From 2010-2020, Rodriguez documented his deceased gay father’s (his Papi) relationship to the histories of HIV/AIDS and his former cruising spaces. “The Papi Project” is the accumulation of this multimedia material which renders the invisible shadows of queered spaces visible. For Rodriguez’s exhibition at Iceberg Projects, a curated selection of his personal correspondences with his father’s former lovers and thirteen photographs/postcards from the overarching “The Papi Project” are on view.
Upon entering Iceberg Projects, there is an immediate sense that there is more to see than what’s on view. Literally and metaphorically, the landscape photographs in the first gallery space are nearly vacant. Several postcards of similar landscapes, sans personalized notes, are installed perpendicular to the wall.
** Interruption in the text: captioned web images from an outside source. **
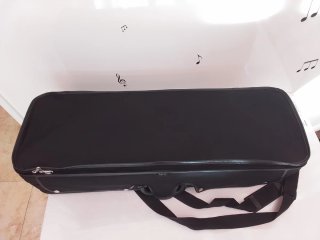 Violín Gliga GEM II 4/4 con estuche y arco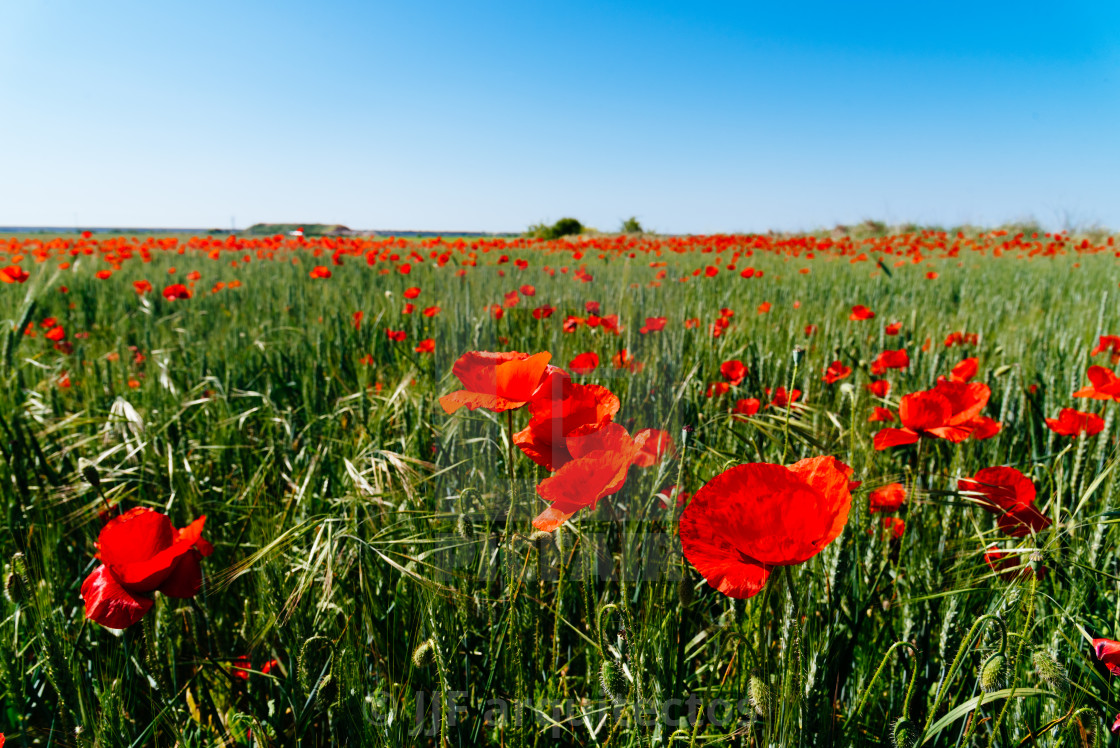 "Wild Red poppies field in spring time" stock image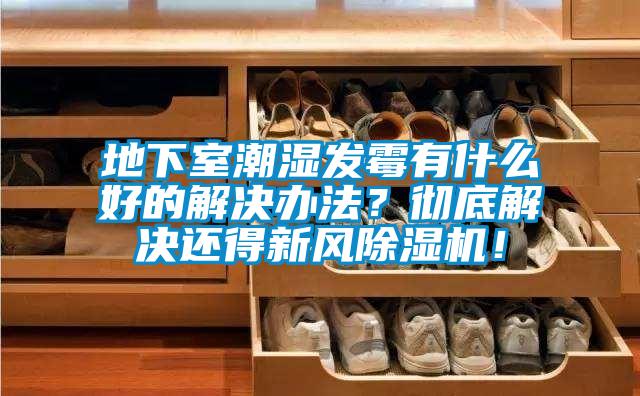 地下室潮濕發(fā)霉有什么好的解決辦法？徹底解決還得新風(fēng)除濕機(jī)！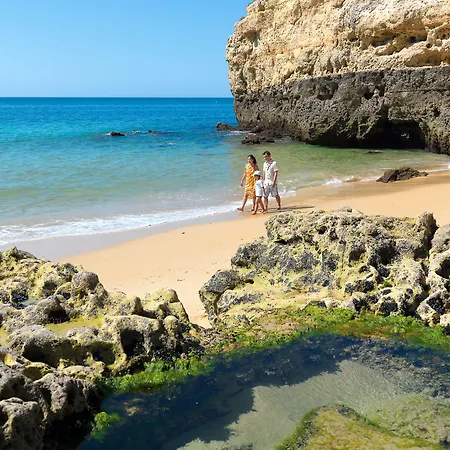 Alba Carvoeiro (Lagoa)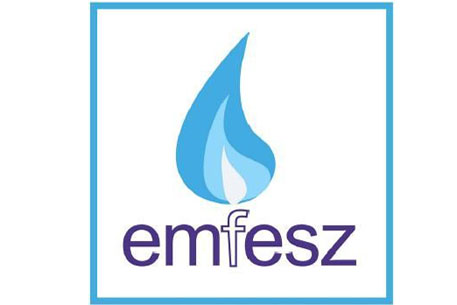 Руководителя Emfesz арестовали из-за финасовых преступлений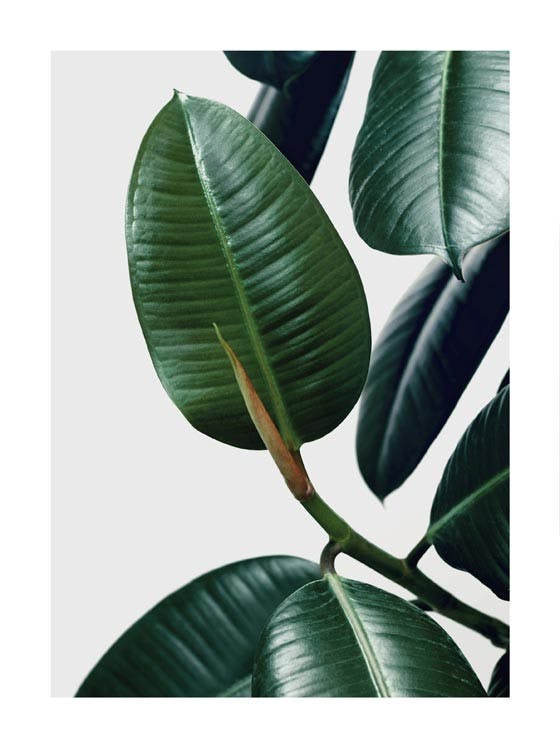 Rubber Plant Leaves Poster 0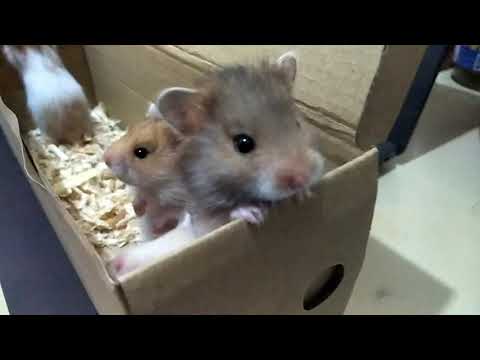 Video: Hamster Hididan Qanday Qutulish Mumkin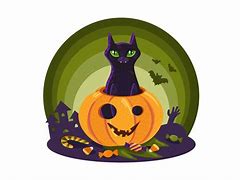 Image result for Hallowen Cat Pumpkin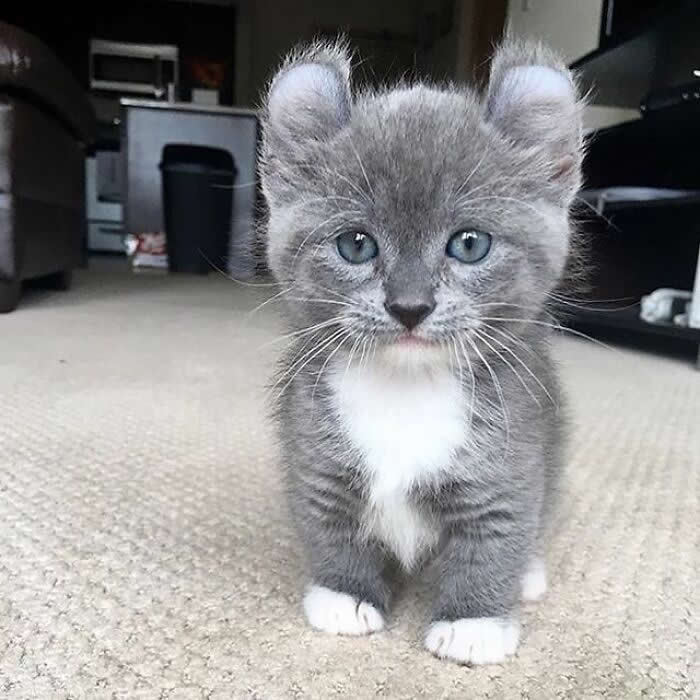A tiny gray-and-white kitten with oversized ears, bright curious eyes, and little white paws sits on a carpet, looking straight at the camera with an innocent and heartwarming expression.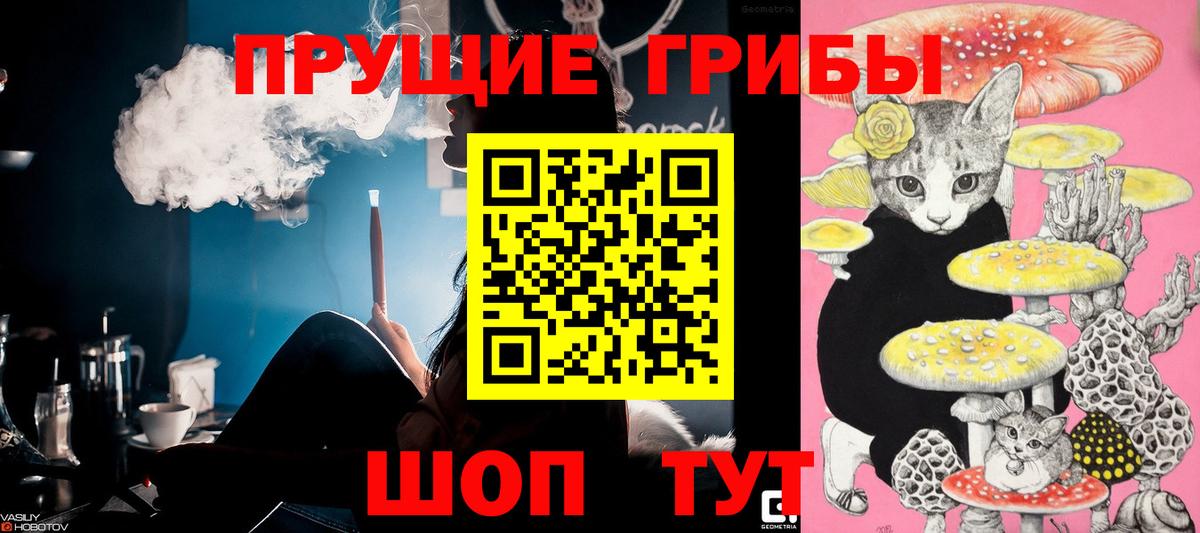 Псилоцибиновые грибы Psilocybine cubensis Партизанск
Addressed to either curator John Neff or Iceberg Projects, a rubber stamp imprint on the postcards confirms that these did, in fact, travel from Los Angeles to Chicago via the U.S. Postal System. A larger landscape photograph in the first gallery presents a view of Lake Michigan. In another, a park bench in a shabby setting is offset by a rainbow/retro lens flair at the bottom edge. For these photographs, he used 110 film, popular in the 1980s because of its easy-to-use portability, to document the present-day remains of popular gay hookup spots from the 1970s, 1980s and 1990s. It might be easy to get caught up in these photographs’ grainy Instagram filter aesthetic, but what Rodriguez shows are spaces where things once happened via the historical mode of documentation—the aesthetic is a technicality and a result of outdated film stretched to the limits of production.
In the second gallery space, a large table with four facsimiles of “The Papi Project” book contains essays, communications, film stills and additional photographs and collected materials. It is worth spending time reading and feeling this content. Each page is an emotional foray into what Rodriguez went through in finding out more about his gay father after his death by way of the men he hooked up with while alive. Surrounding the table is a large wall-sized grainy landscape photograph, two monitors scrolling photographs of the men Rodriguez met or hooked up with while inquiring about his Papi and casual day-to-day situations, other digital media, such as Craigslist ads (remember those?), and printed materials from previous iterations of “The Papi Project.” Taken together, this exhibition, and larger project, is a potent harkening to a singular and collective lost past: spatially, technologically, physically, emotionally and sexually.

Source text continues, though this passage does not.